Instrumentation was progressively introduced for the most common protocols over the last two years, starting with the HttpClient and following with Grpc.Net.Client (see some example from the source code).
Given the critical place Aerospike spike has in many backends, it would be more than welcome for this client to implement the Activity APIs.

How

The Activity API is quite barebone and gives a lot of freedom as to how to use them. OpenTelemetry (part of the CNCF) proposes some naming conventions, which are already widely adopted by the industry (Grpc.Net.Client uses them).

  • The base idea is to create a new Activity whenever there is an I/O (in the case of retries, it means several Activities will be created).
  • Tags must be added to add some information such as: which node was called? What kind of operation is it? What is the key? Is it the first attempt? ...
  • Activity.Current uses AsyncLocal. It's an important detail to understand how this API works under the hood
  • In case of error, the ongoing Activity state must be marked as error
  • When there is no listener, ActivitySource.StartActivity(...) will return null. That means that this won't affect performances in any way if there is no trace/listener ongoing (it will make no difference for people that don't use tracing)

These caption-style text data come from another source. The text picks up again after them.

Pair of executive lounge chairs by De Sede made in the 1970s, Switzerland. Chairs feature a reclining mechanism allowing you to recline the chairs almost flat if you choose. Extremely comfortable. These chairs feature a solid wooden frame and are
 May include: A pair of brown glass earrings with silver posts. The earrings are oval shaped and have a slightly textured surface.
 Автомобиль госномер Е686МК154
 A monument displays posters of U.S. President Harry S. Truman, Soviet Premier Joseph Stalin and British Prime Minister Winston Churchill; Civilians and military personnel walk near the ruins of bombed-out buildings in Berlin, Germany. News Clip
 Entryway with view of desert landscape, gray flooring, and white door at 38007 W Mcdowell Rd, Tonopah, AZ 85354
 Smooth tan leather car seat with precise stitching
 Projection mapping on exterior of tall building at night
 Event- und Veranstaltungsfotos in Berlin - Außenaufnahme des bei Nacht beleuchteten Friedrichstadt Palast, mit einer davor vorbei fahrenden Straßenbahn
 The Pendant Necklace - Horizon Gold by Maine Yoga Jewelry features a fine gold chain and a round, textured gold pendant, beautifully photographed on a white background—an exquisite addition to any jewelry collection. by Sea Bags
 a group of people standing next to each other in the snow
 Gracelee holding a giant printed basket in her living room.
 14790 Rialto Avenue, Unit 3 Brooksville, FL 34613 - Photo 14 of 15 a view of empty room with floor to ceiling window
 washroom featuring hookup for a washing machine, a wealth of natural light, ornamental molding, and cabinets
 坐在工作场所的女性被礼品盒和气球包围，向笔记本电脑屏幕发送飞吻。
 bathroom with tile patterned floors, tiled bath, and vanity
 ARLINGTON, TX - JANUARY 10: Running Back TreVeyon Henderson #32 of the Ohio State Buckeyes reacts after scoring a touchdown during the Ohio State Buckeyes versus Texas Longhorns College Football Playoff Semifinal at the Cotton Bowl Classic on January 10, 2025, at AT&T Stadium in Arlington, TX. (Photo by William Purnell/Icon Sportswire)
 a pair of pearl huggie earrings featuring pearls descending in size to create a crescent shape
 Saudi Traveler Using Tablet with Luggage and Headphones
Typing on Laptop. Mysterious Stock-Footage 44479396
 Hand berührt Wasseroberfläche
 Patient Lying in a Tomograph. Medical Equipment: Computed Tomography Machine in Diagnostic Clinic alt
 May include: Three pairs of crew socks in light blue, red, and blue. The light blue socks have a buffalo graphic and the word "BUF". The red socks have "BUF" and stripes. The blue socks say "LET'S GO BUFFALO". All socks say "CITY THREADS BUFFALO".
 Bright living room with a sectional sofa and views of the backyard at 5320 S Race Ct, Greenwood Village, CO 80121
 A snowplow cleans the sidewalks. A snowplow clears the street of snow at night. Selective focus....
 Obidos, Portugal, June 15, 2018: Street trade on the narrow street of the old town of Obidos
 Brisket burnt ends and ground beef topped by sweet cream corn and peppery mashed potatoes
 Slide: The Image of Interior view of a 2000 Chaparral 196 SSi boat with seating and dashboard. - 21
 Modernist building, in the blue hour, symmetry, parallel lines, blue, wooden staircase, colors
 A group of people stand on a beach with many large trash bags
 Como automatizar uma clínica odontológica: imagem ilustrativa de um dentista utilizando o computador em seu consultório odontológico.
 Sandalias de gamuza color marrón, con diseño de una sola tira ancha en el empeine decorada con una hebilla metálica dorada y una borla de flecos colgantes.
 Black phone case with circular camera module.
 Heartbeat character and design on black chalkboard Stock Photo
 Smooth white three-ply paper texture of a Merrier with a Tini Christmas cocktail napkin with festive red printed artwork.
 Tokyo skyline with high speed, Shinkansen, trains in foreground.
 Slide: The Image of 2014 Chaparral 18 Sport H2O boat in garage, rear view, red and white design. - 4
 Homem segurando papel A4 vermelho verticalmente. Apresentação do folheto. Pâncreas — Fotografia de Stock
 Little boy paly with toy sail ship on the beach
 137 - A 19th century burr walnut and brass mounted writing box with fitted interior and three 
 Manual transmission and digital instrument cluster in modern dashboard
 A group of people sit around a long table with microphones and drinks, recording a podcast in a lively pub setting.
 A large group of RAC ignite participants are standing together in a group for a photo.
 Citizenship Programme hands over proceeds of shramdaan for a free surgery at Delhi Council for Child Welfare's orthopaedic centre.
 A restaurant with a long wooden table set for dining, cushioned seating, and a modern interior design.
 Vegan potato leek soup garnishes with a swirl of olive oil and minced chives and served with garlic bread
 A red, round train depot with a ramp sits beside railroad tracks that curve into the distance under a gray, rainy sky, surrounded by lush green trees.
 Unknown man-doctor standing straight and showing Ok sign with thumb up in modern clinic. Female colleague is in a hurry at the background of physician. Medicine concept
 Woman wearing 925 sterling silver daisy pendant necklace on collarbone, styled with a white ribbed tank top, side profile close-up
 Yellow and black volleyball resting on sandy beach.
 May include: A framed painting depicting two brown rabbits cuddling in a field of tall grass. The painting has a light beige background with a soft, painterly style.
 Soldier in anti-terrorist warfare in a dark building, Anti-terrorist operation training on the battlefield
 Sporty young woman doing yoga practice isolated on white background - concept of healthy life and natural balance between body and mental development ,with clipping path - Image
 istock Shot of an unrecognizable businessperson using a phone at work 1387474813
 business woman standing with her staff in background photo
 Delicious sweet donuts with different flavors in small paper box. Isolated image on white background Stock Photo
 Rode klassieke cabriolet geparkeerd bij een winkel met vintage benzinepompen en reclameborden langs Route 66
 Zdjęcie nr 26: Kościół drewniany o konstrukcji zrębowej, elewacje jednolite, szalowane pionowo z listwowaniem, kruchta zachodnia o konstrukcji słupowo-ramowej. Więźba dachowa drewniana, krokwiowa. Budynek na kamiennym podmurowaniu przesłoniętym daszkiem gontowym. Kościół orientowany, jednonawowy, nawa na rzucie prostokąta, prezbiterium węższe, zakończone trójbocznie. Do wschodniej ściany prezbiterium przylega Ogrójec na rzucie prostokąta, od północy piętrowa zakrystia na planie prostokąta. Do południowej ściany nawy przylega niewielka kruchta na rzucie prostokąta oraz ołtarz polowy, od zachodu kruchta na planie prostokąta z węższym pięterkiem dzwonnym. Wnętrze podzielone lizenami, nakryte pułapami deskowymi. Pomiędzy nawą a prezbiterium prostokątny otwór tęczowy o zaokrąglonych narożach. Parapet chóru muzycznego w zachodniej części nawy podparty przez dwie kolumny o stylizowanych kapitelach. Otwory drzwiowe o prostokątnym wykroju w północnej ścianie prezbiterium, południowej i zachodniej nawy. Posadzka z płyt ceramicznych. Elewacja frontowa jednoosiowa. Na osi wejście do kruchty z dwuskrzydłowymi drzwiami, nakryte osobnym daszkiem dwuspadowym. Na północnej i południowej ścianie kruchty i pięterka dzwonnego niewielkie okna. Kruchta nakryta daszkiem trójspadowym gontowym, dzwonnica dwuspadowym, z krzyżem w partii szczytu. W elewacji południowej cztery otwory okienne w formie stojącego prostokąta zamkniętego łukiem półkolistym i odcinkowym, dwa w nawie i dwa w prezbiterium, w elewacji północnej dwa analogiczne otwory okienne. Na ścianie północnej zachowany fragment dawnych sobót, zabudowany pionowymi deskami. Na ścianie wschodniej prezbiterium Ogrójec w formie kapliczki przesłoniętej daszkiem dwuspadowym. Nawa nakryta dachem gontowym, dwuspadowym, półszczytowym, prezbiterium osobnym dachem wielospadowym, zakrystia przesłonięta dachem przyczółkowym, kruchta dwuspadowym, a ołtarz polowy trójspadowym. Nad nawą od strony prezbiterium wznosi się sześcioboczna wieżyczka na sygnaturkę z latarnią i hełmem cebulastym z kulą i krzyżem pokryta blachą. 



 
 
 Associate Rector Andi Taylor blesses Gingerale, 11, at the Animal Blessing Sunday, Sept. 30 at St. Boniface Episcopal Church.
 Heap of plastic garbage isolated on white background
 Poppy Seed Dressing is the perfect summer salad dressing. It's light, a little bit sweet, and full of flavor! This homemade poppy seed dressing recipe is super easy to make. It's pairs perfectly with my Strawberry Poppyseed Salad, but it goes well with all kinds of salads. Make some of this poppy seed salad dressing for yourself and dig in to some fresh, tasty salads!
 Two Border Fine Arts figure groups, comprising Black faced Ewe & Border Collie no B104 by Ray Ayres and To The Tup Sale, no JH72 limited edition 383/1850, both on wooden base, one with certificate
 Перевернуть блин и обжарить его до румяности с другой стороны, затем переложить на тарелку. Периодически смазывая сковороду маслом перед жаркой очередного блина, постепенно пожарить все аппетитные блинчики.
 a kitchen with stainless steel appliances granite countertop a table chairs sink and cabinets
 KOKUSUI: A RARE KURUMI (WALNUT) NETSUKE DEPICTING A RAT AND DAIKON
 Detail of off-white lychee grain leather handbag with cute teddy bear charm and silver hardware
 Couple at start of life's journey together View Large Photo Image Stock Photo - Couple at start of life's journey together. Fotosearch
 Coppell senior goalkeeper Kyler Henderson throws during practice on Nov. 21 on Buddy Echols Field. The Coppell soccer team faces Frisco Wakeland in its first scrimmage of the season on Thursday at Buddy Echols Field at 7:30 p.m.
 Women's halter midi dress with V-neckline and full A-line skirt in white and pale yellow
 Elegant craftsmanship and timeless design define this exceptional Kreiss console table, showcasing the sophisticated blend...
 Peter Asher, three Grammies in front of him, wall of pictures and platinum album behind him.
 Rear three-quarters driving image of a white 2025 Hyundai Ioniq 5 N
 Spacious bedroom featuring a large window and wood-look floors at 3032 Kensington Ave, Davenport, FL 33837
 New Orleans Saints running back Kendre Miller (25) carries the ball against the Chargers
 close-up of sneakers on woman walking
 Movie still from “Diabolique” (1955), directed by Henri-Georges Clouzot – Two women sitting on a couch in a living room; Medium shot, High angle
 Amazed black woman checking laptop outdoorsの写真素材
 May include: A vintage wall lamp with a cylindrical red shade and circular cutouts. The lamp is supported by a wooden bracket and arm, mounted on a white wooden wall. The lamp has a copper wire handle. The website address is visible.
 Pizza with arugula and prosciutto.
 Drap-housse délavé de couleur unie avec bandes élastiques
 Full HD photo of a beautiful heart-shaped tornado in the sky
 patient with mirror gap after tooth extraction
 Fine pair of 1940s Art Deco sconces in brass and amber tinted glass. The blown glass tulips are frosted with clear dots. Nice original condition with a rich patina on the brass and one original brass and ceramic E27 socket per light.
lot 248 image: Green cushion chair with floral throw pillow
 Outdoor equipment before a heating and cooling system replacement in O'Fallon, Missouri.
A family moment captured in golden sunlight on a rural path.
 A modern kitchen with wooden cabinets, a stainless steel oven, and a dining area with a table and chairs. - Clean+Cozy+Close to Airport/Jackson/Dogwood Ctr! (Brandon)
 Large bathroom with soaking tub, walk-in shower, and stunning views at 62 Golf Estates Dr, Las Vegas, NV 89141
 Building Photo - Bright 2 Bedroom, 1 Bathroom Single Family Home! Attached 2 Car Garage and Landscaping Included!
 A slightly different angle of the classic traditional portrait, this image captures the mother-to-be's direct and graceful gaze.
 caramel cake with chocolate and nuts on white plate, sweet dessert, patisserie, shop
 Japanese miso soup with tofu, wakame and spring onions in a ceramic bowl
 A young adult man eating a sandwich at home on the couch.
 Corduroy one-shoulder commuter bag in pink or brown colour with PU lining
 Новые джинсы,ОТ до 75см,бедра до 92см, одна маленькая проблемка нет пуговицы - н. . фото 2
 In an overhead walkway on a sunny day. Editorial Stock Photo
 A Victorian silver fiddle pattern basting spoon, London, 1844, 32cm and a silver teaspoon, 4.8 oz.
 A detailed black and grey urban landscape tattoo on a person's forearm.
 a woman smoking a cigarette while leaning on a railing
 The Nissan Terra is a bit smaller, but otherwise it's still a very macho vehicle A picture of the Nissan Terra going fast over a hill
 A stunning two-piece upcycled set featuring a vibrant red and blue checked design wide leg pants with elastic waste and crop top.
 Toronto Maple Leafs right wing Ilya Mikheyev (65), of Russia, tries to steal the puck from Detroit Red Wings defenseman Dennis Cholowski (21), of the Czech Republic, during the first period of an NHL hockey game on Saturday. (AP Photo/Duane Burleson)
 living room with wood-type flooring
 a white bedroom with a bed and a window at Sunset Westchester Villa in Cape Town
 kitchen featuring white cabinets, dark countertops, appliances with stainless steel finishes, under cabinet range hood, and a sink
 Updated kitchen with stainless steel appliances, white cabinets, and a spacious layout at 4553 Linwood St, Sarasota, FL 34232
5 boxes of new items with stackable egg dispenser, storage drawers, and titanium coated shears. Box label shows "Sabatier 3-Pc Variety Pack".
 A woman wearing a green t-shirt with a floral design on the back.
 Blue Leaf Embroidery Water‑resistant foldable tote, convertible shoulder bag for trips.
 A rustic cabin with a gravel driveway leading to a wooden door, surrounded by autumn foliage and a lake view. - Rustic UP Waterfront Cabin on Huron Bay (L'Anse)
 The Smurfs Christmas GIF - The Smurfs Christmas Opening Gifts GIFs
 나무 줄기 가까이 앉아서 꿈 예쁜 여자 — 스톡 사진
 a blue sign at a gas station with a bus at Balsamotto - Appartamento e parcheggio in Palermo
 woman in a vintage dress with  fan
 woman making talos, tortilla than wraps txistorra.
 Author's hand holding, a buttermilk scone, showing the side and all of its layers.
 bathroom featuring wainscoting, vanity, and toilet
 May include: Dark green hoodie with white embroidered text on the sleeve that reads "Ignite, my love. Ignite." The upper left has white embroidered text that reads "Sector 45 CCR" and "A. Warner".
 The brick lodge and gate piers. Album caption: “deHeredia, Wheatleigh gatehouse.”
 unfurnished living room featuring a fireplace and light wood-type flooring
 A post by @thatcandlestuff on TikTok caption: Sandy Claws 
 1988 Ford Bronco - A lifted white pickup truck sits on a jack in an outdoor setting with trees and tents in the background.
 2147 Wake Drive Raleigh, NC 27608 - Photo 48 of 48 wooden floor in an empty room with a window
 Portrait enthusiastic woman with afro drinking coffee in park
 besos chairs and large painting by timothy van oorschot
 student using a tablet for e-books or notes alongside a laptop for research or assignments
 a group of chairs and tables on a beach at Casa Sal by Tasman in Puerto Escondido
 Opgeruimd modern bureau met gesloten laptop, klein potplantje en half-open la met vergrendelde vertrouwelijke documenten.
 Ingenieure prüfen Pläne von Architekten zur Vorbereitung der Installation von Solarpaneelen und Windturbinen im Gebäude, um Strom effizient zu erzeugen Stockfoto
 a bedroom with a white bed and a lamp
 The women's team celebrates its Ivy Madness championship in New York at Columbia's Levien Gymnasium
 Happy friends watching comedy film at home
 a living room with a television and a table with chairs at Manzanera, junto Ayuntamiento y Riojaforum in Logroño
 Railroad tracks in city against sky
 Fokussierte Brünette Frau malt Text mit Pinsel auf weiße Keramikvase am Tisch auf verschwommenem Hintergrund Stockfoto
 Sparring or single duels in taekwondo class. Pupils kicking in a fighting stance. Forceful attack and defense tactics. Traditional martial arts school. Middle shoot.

ogxd avatar Mar 29 '23 15:03 ogxd

See PR #80

ogxd avatar Mar 29 '23 15:03 ogxd

We like this idea. We will put it in our next release, pending our testing of it

shannonklaus avatar Mar 30 '23 16:03 shannonklaus

Awesome!
Here is an example of what it looks like with the PR (we have been testing this fork on our end).
image This UI is from Grafana Tempo but it would be similar in all other solutions for visualizing traces that support the OpenTelemetry semantic conventions (Datadog APM, Jaeger, LightStep, Zipkin, ...)

ogxd avatar Mar 31 '23 12:03 ogxd

That's pretty cool, any plan to include this ? @shannonklaus ?

guillaumed-unity avatar Oct 17 '23 17:10 guillaumed-unity

Yes, I am still planning on including this at some point, it has been out prioritized by other features, but it is still on my radar

shannonklaus avatar Oct 17 '23 18:10 shannonklaus